Introduction

Along with urban expansion and development, a series of issues emerged, such as the increase in impervious surface in roads and buildings, the decrease in green space and water body, the intensification of landscape fragmentation, and the rise of anthropogenic heat emission, which led to the gradual deterioration of urban thermal environment, imposing an adverse effect on people’s production and life1,2,3. And Urban Heat Island (UHI) has become a common environmental problem faced by cities today, which drew the attention of multidisciplinary scholars at home and abroad as to how to alleviate the impact of UHI4,5,6,7. Correspondingly, urban forest, as a significant part of the complex urban ecosystem with self-purification function, has developed rapidly. UTC, a special urban landscape, is the expression of urban forest at a smaller scale in the landscape, which plays an important role in improving urban climatic environment, supporting smart planning and evaluating the quality of ecosystem services8,9,10,11. Hence, there is a high correlation between UTC and urban thermal environment and residents’ living quality12.
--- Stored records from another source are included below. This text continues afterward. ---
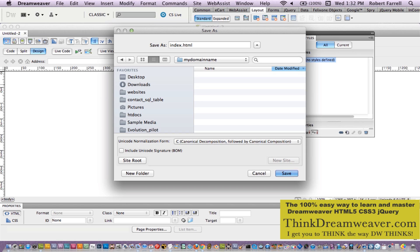Here are some production techniques. The index page is already on the server saying 'name of the site dot com, under development by whoever.' What I do — this is not the index page. The index page is sitting on the server under development. We're going to call this 'index underscore version one,' as opposed to version two, version three, version four. This way we can have different versions to show the client.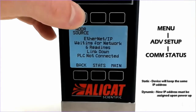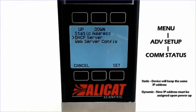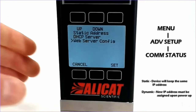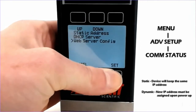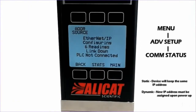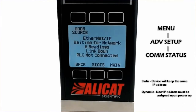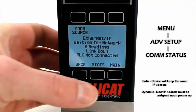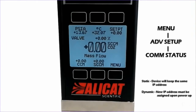Changing the source to our last option, web server configuration, will allow the device to communicate over the Alicat embedded web server to adjust the IP address as well as other configuration settings. This can be done by simply typing in the existing IP address into a web browser. And that is how you adjust your IP address as well as communication settings on an Alicat device.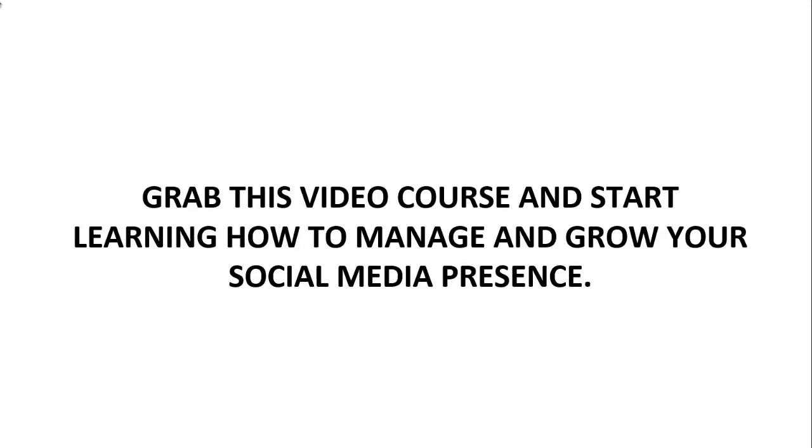So with that said, go ahead and grab this course today and start learning how to manage and grow your social media presence.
At present, the study of thermal environment at home and abroad majorly focused on the thermal environment effect based on urban land use, urban landscape, and the spatial distribution of urban green space, type and pattern. There have been some researches targeted UTC, nevertheless, the research work is by no means profound, limited to the metropolises such as Beijing, Shanghai, Guangzhou and Shenzhen. And studies on the forest vertical differentiation in southwest China, plateau and mountain cities with diverse forest vegetation types are just a few. This study aims at deeply exploring the internal relationship between UTC and thermal environment, by selecting the mountainous city in southwest China as the study area, and utilizing the multidisciplinary knowledge of geographic information system, landscape ecology, environmental science, statistics and so on in a comprehensive manner, in the hope of providing relevant scientific references for the establishment of livable forest cities in similar regions.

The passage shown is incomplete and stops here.